Principles and prevention of telnet attacks

In remote services, we can get a lot of convenience benefits. But security has always been a big problem. In particular, Telnet attacks are often used to control hosts. Now let's analyze the specific content of the Telnet attack.

1. What is Telnet?

Different people have different ideas about Telnet. Telnet can be considered as a communication protocol, but for intruders, Telnet is just a remote login tool. Once an attacker establishes a Telnet connection with a remote host, the attacker can use the software and hardware resources on the target host. The attacker's local host is only equivalent to a terminal with only a keyboard and a display.

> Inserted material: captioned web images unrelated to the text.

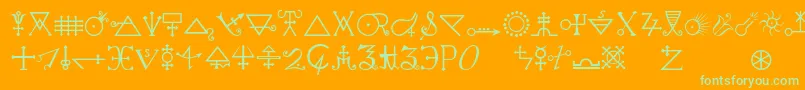 Alchemya-Schriftart – Grüne Schriften auf orangefarbenem Hintergrund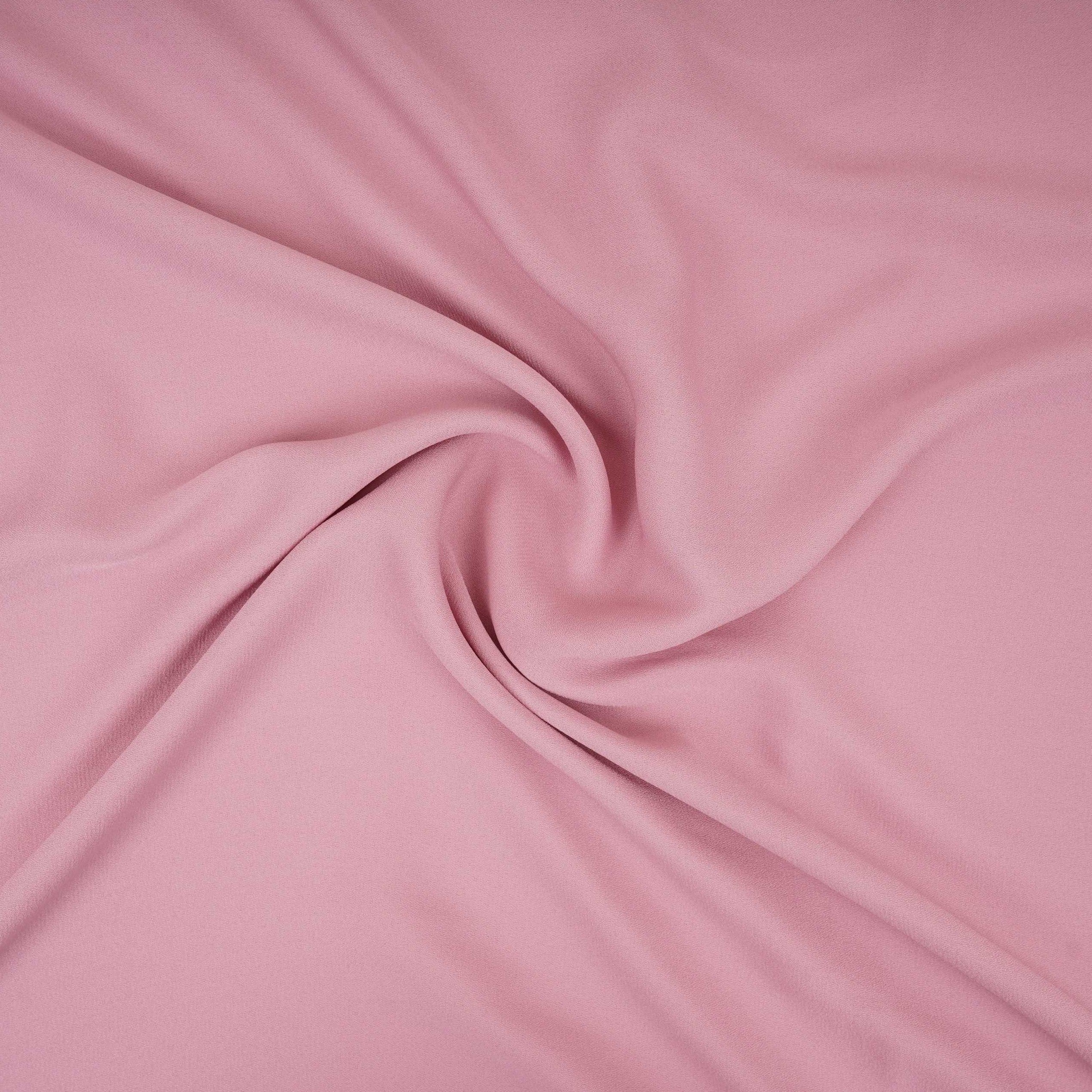 Pink Solid Double Georgette Fabric LID-15 - TradeUNO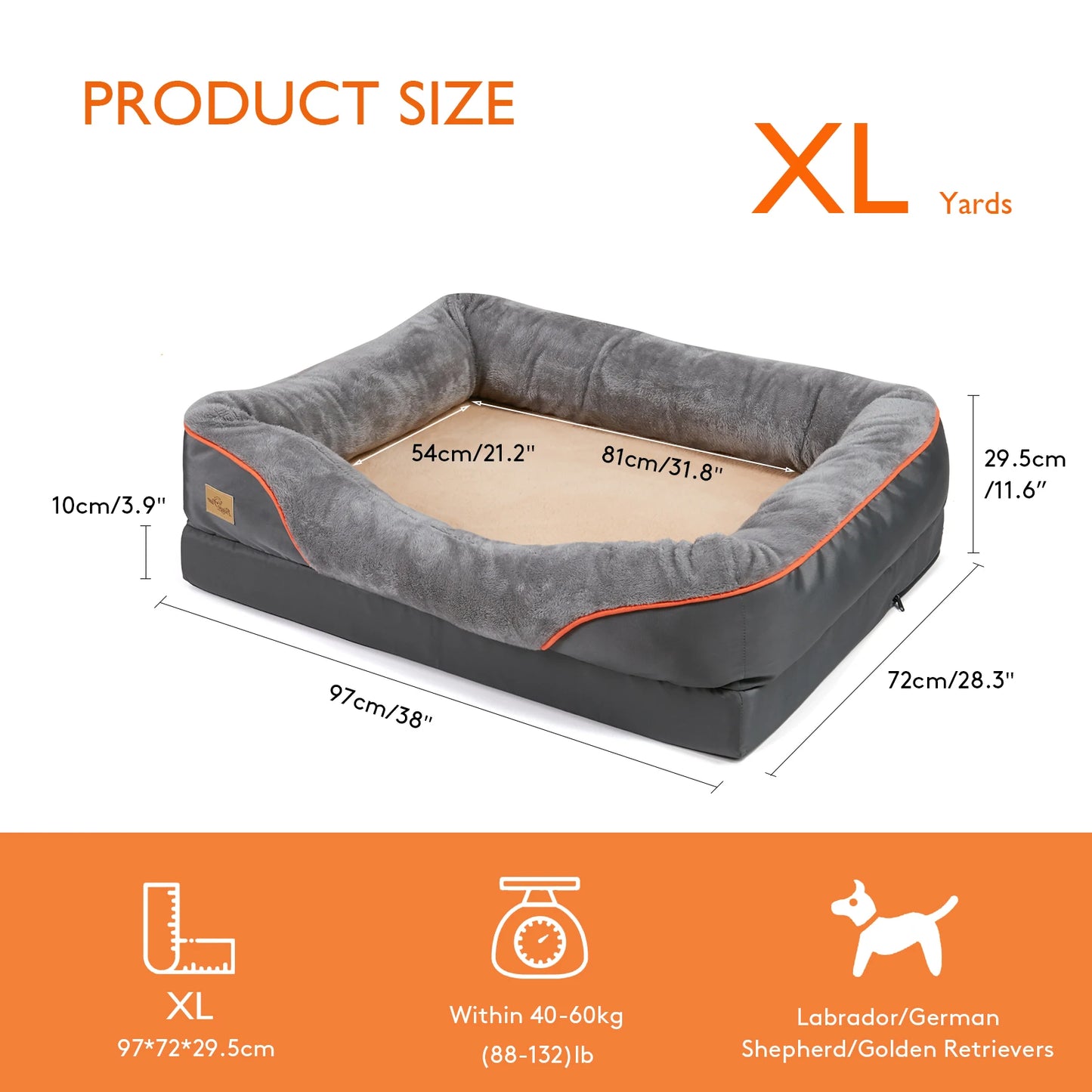 Large Dog Bed Soft Comfortable Warm Fleece Anti-Allergy Pet Bed with Removable Washable Cover Waterproof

2. What is Telnet used by intruders?

1) Telnet attacks are the first method to control hosts.

As described in the previous sections, if intruders want to execute commands on a remote host, they need to establish an IPC $ connection and then use the net time command to view the system time, finally, you can use the at command to create a scheduled task to remotely execute the command. Although this method can remotely execute commands, Telnet is much more convenient for intruders. Once an attacker establishes a Telnet connection with a remote host, the attacker can control the remote computer just like a local computer. It can be seen that Telnet is a remote control method used by intruders. When they do everything they can to obtain the administrator privilege of the remote host, they usually use Telnet to log on.

2) used as a stepping stone

Intruders call bots used for stealth a stepping stone. They often use this method to log on from a zombie to another zombie ", in this way, the IP address is not exposed during the intrusion process. This process will be detailed in chapter 5th.

3. About NTLM Verification

Due to the powerful Telnet function and frequent attacks, we often encounter Telnet attacks by hackers. Therefore, Microsoft adds authentication for Telnet, called NTLM authentication. It requires that the Telnet terminal not only have the username and password of the Telnet service host, but also meet the NTLM authentication relationship. NTLM verification greatly enhances the security of the Telnet host, just like blocking a lot of intruders.

4. Use Telnet to log on to the logon command: telnet HOST [PORT]

Disconnecting Telnet is one of the effective measures to prevent Telnet attacks.

Command for disconnecting Telnet: exit

To successfully establish a Telnet connection, in addition to understanding the account and password on the remote computer, the remote computer must have enabled the "Telnet Service" and removed NTLM verification. You can also use dedicated Telnet tools, such as STERM and CTERM.